=== Data segment ===

========

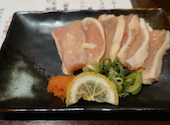 鳥せい 京都タワーサンド店: よっしーさんの2026年06月17日の1枚目の投稿写真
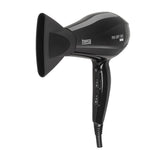 Teesa USCATOR PAR PRO-DRY 500 AC 2300W TEESA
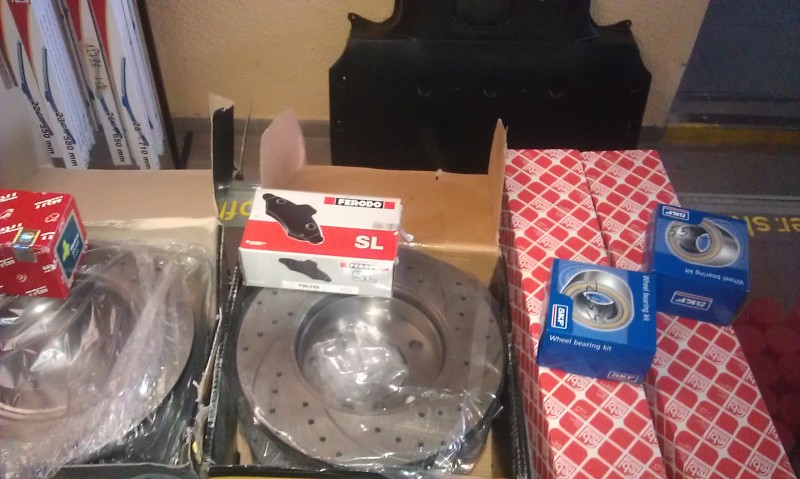 IMAG0151.jpg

========

=== Work instruction ===
Output the data exactly. Pictures don't belong in the result.

=== Answer box ===
 鳥せい 京都タワーサンド店: よっしーさんの2026年06月17日の1枚目の投稿写真
 Teesa USCATOR PAR PRO-DRY 500 AC 2300W TEESA
 IMAG0151.jpg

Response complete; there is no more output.